Exercise goal »
Print the entries exactly; no image belongs in the copy.

*** Source data Section Begins ***

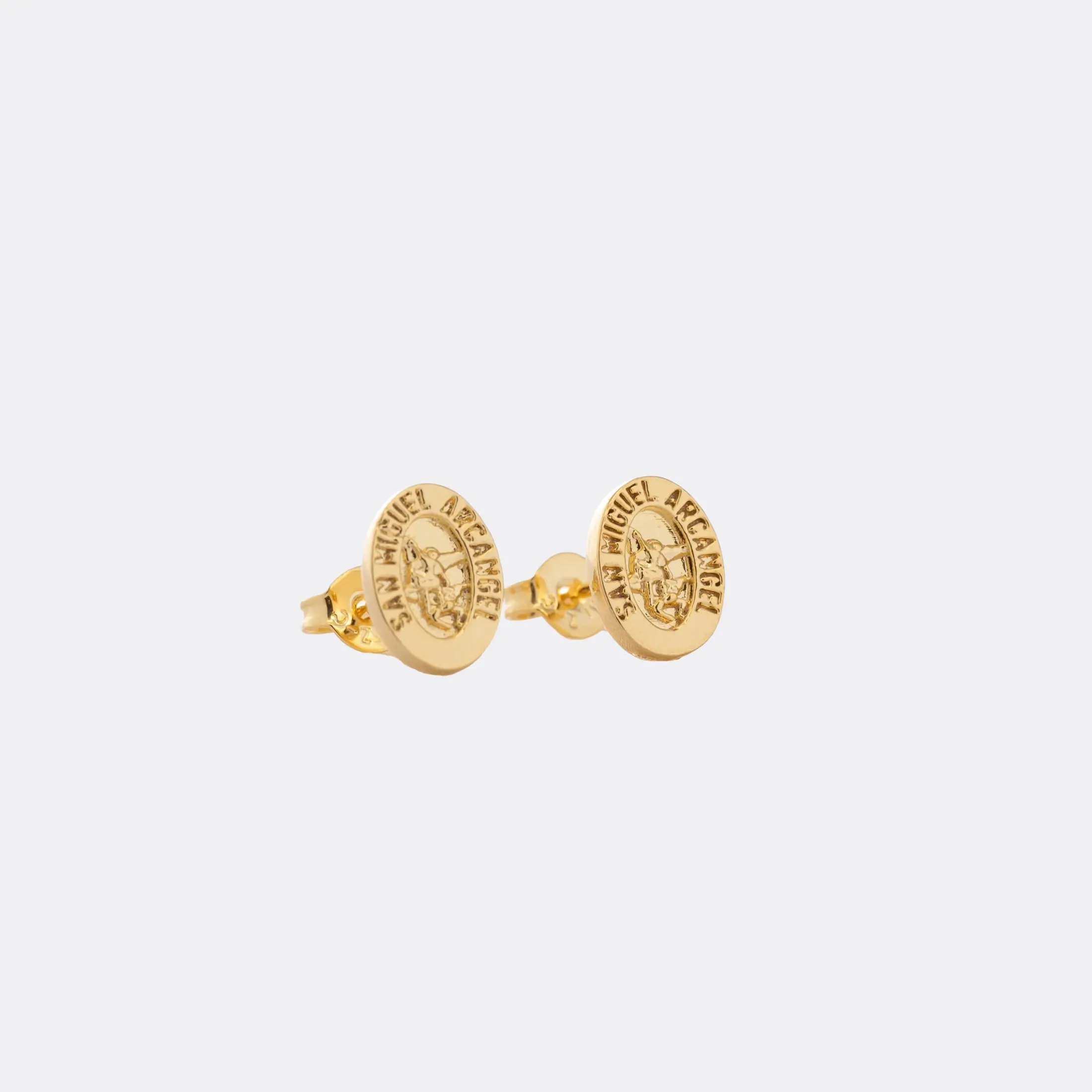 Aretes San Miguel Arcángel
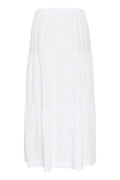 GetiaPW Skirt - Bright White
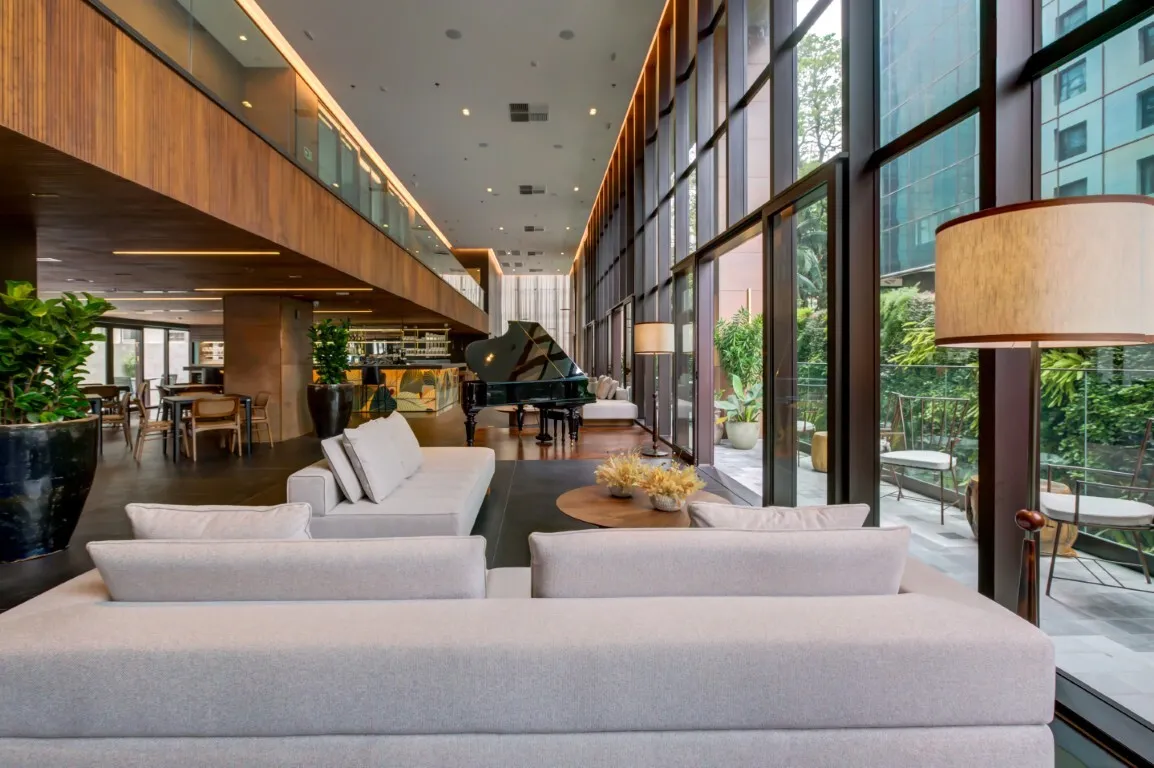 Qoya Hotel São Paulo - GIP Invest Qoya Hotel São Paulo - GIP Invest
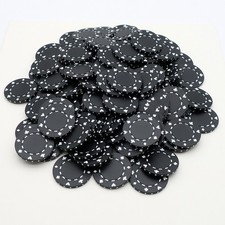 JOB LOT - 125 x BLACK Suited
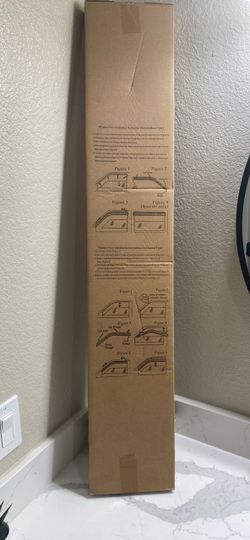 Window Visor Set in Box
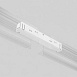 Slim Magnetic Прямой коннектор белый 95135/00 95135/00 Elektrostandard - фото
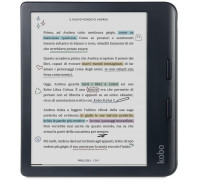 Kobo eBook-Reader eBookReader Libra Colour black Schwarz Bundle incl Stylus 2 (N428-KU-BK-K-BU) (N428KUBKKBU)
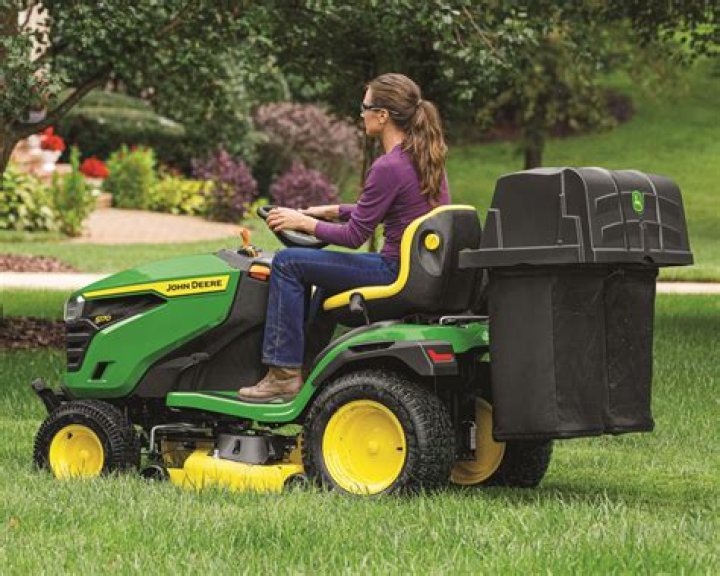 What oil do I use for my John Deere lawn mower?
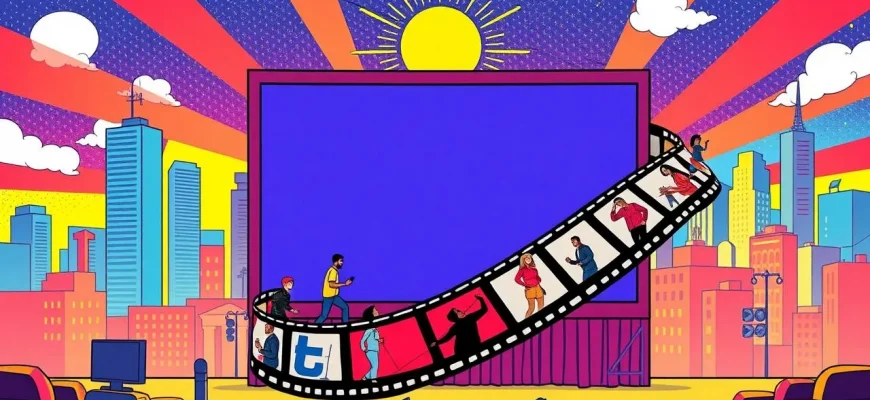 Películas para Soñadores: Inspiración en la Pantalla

*** Source data Section Ends ***

Written reply »
 Aretes San Miguel Arcángel
 GetiaPW Skirt - Bright White
 Qoya Hotel São Paulo - GIP Invest Qoya Hotel São Paulo - GIP Invest
 JOB LOT - 125 x BLACK Suited
 Window Visor Set in Box
 Slim Magnetic Прямой коннектор белый 95135/00 95135/00 Elektrostandard - фото
 Kobo eBook-Reader eBookReader Libra Colour black Schwarz Bundle incl Stylus 2 (N428-KU-BK-K-BU) (N428KUBKKBU)
 What oil do I use for my John Deere lawn mower?
 Películas para Soñadores: Inspiración en la Pantalla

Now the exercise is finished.